The risk can be mitigated by assessing the depth at which the mines and minerals are located. This is a simple process where the depth of the mines and minerals is expressed on the title, but frequently such detail is absent and intrusive (and expensive) exploratory works may not clarify the position with sufficient certainty.
Developers, therefore, find themselves needing to consider whether it is necessary to do a deal that would acquire the subterranean interest. With increased frequency, we are seeing the owner of the mines and minerals offering to grant a developer an easement to develop into the mines and minerals as an alternative to selling its title to those them outright. This approach should be considered with caution and may be unsatisfactory for developers (particularly developers of residential housing) for several reasons. These include the following:
- It is unclear whether an easement to build will be satisfactory to lenders, and in particular whether it satisfies the requirements that title be ‘good and marketable’ for the purposes of the CML handbook, without extensive qualification. Certainly. this may be raised by future plot purchasers and indemnity insurance may also be required by them. This could lead to delays with development/onward sales, and, at worst, the frustration of future sales altogether.

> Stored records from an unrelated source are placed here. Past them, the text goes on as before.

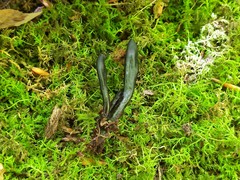 Geoglossum difforme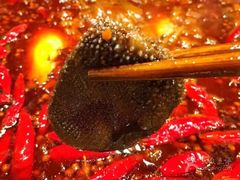 疯狂鲜毛肚-黄潇洒老火锅(九眼桥宏济巷店)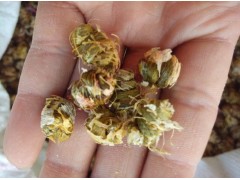 鐵皮石斛 鮮條 楓斗 烤條 超微粉粉 云南軟腳鐵皮石斛圖1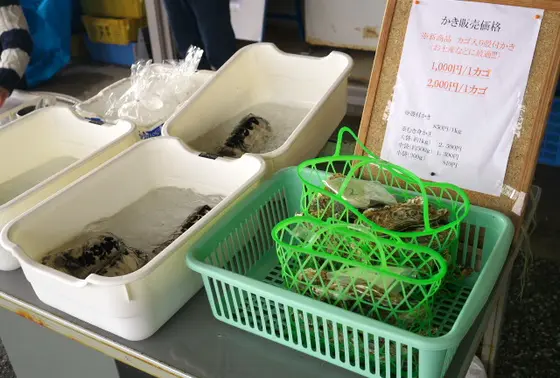 ちょっとお買い得
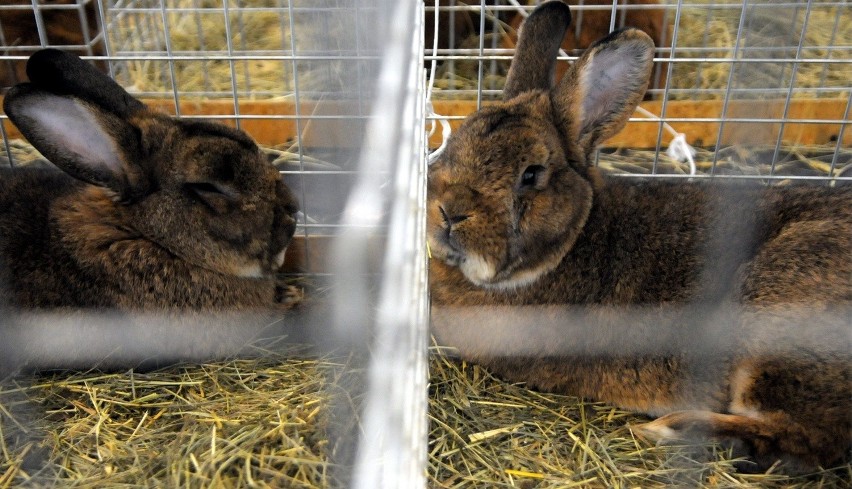 Zoopark w lubelskiej hali targowej (oglądaj ZDJĘCIA)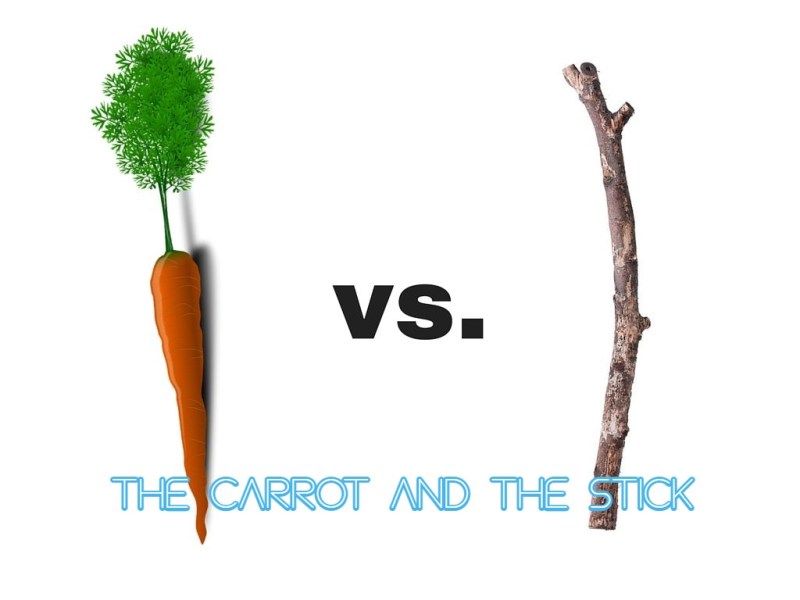 The Carrot and the&nbsp;Stick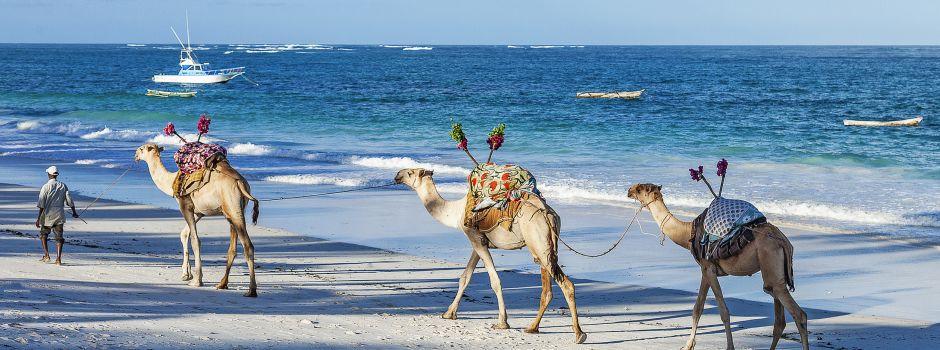 #caption3 The Kenyan Coast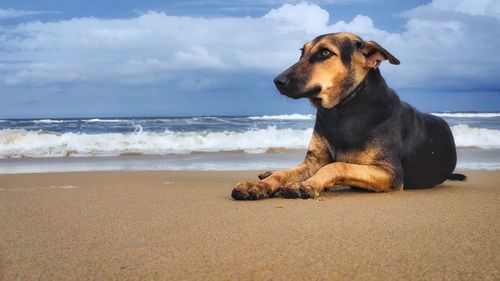 View of dog on beach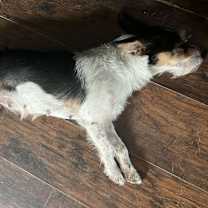 Thumbnail photo of Mocha #4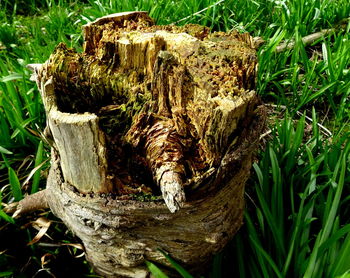 Close-up of grass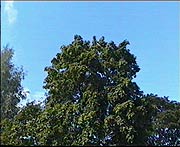 Петергоф -- Большое дерево (Petergof)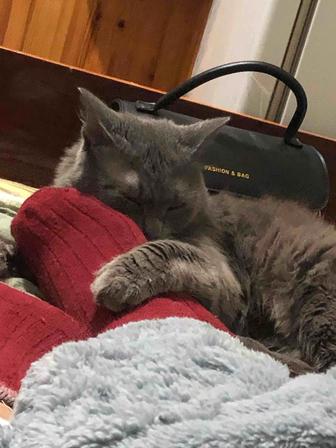 Отдам кота 2 годика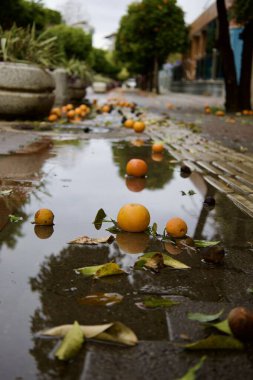 Oranges wet street. High quality photo clipart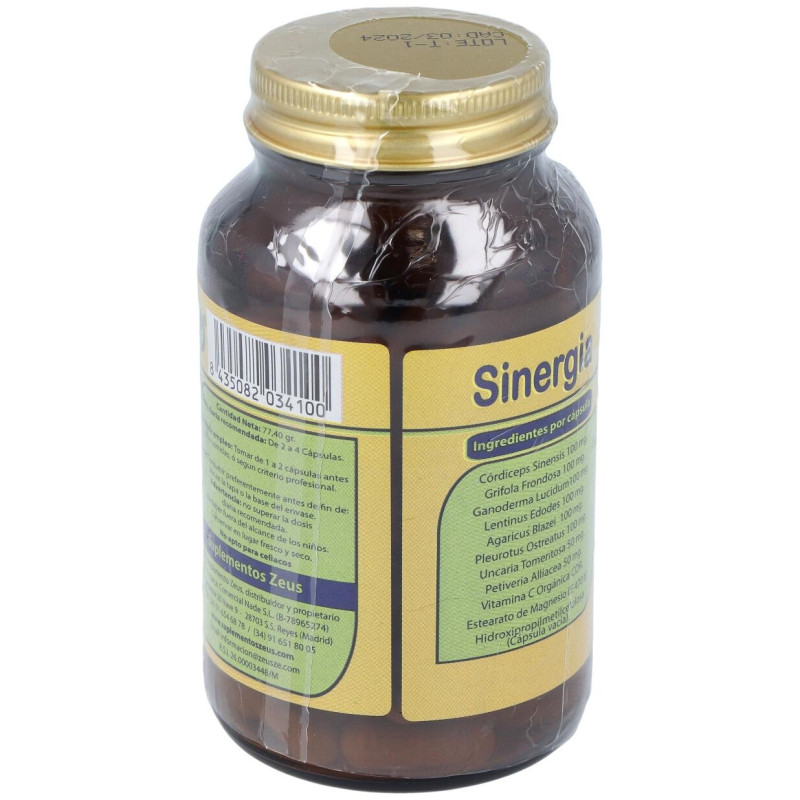 Sinergia 90Cap. 2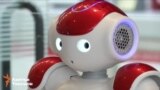 Токио: туристтерди робот тосо баштады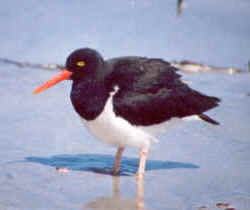 oystercatcher.jpg (25207 bytes)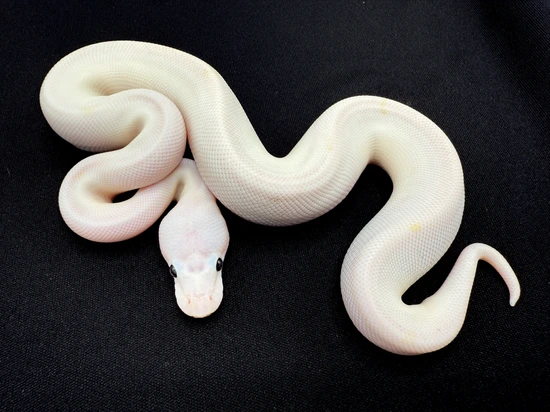 Super Fire Ball Python by Royal Constrictor Designs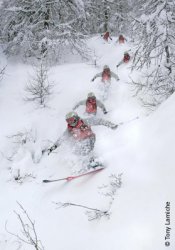 Ski forêt La Grave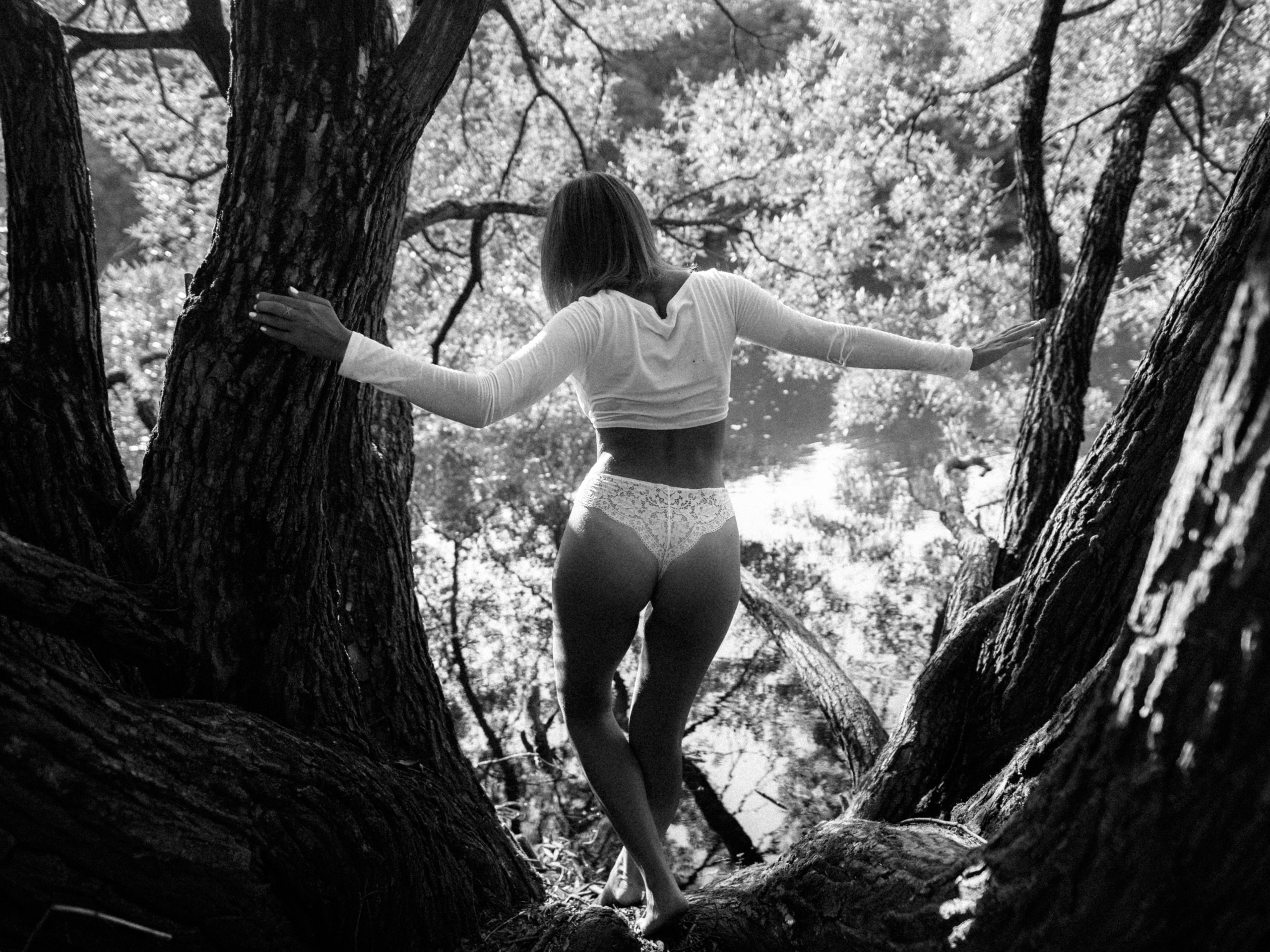 AUTHOR PRINTS. Maxim Tminov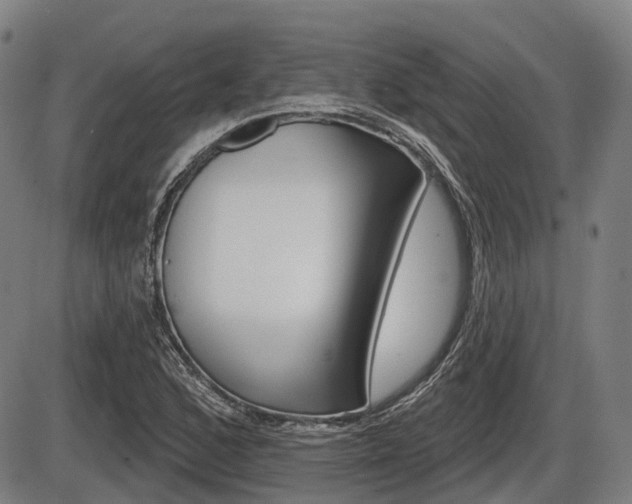 X0000086321168200703300857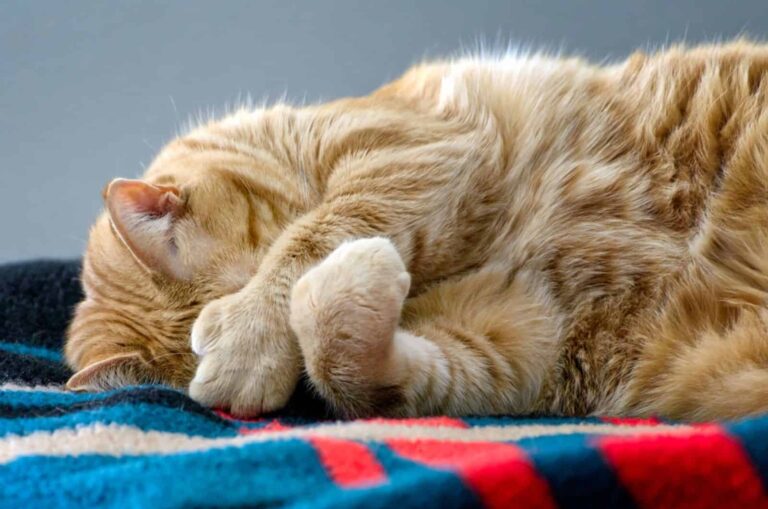 Ginger-polydactyl-cat-hiding-face-with-large-paws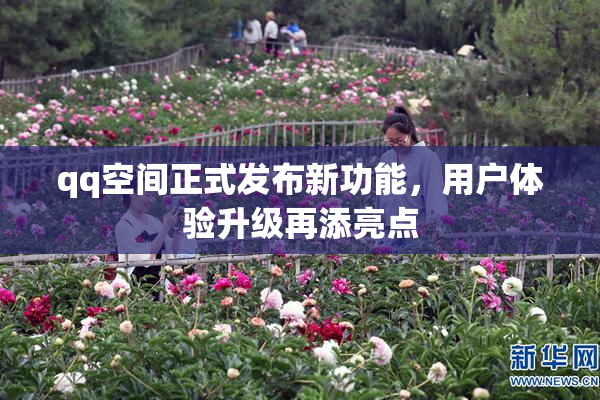 qq空间正式发布新功能，用户体验升级再添亮点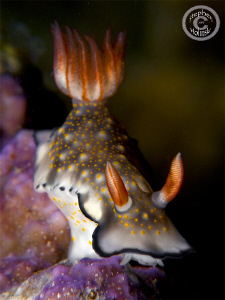 Nudi shot in Anilao.  Canon G10, single Inon UCL165, Sea ... by Stephen Holinski 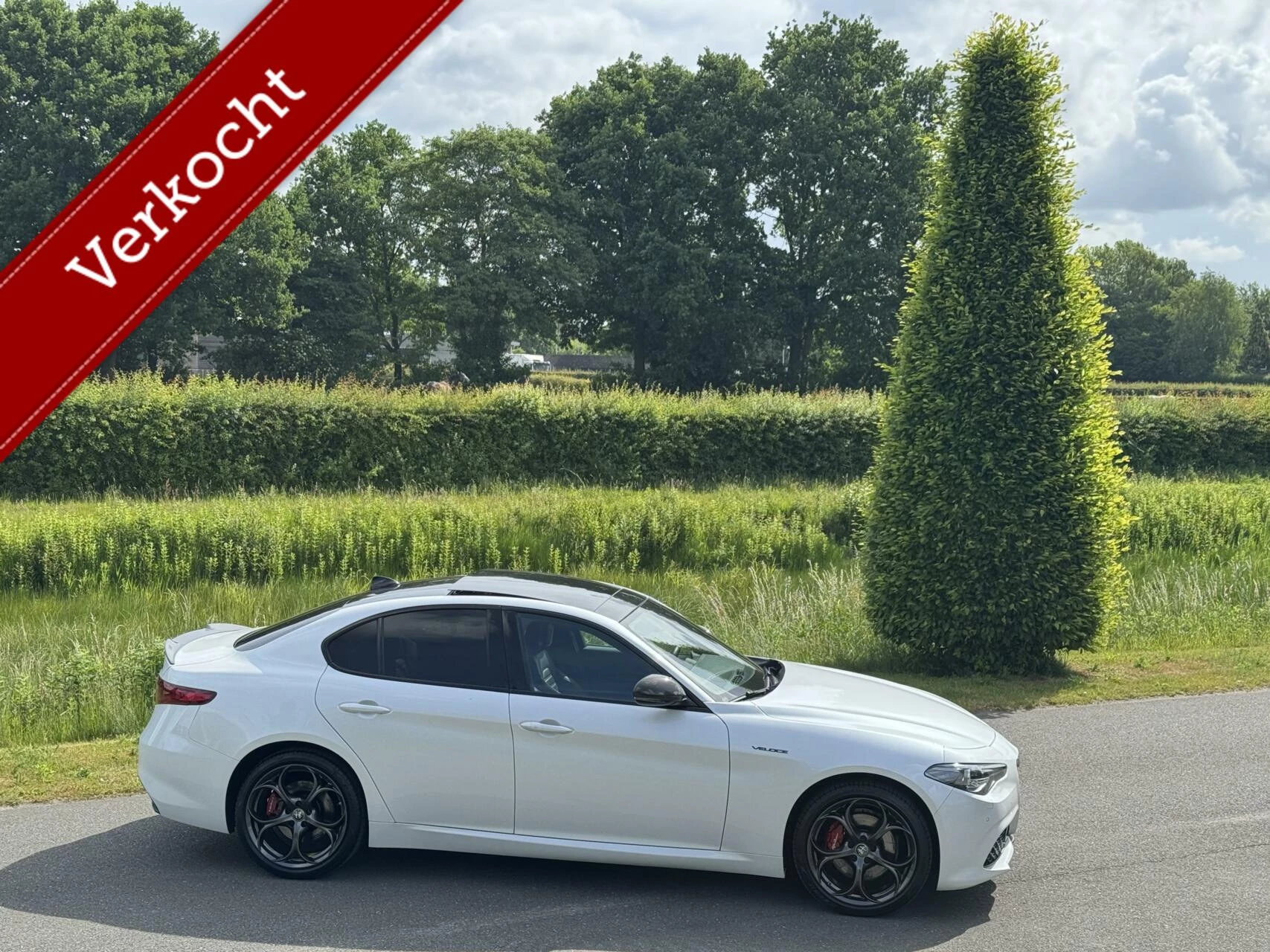 Hoofdafbeelding Alfa Romeo Giulia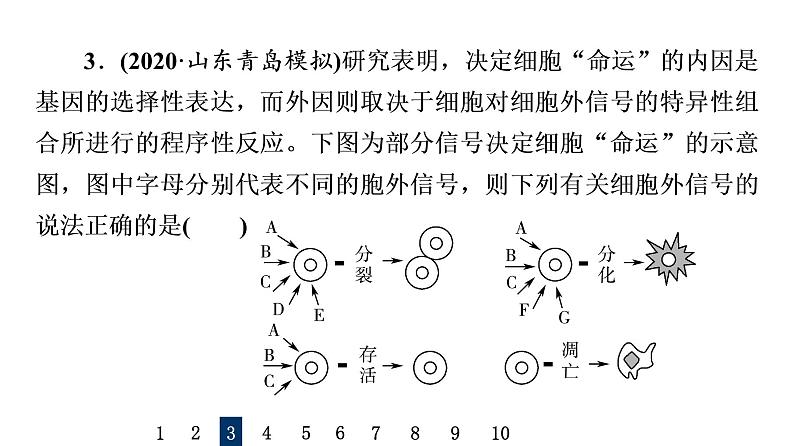 人教版高考生物一轮总复习课时质量评价12细胞的分化、衰老和死亡课件05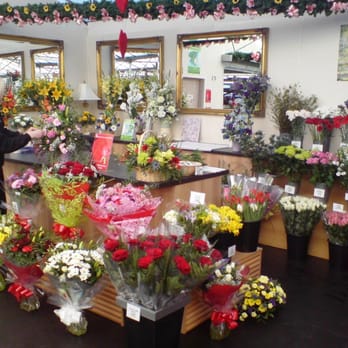 Poplar Tree - Interflora Florist at Poplar Tree Garden Centre Durham - Nurseries & Gardening Near Me - Durham, DUR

- It is uncertain whether Councils and water companies etc will insist on the mines and minerals owner being party to section agreements both for the purposes of authorising the works and their subsequent adoption. Certainly that would be logical in relation to any subterranean works, given that the relevant authority would ordinarily insist on every relevant freeholder being party to the agreement. A similar concern applies to easements that services operators – telecoms, electricity, gas – might require to be granted as part of any development.
- The terms of the easement would need to be very carefully drafted to ensure that it is sufficiently wide to permit all development envisaged. What happens if development proposals change over time? Is the easement still sufficient? A particular consideration here is what reservations the mines and minerals holder retains and what effect they could have on the adequacy of the easement terms. For example, is the mines and minerals owner permitted to undertake mining activities in the land benefitting from the easement? Whilst planning permission would be required for any mining activities, an outright transfer of the mines and minerals would avoid this risk altogether.
- The nature of an easement is capable of changing over time, either through modification or outright discharge, if various requirements are met. Whilst this may be low risk (and the developer long gone by the time this could be relevant) it is not possible to state definitively that an easement will endure for all time.
In order to avoid these potential problems, developers should press for title to the mines and minerals to be sold to them, either completely, or to a certain depth that will comfortably accommodate current development proposals together with sufficient leeway for future alternative plans.
Where an easement is insisted upon by a mines and minerals owner, developers need to consider what interest the mines and minerals owner is expecting to retain that they would otherwise lose through an outright transfer, and the negative impact that any retained interest could have on any future development.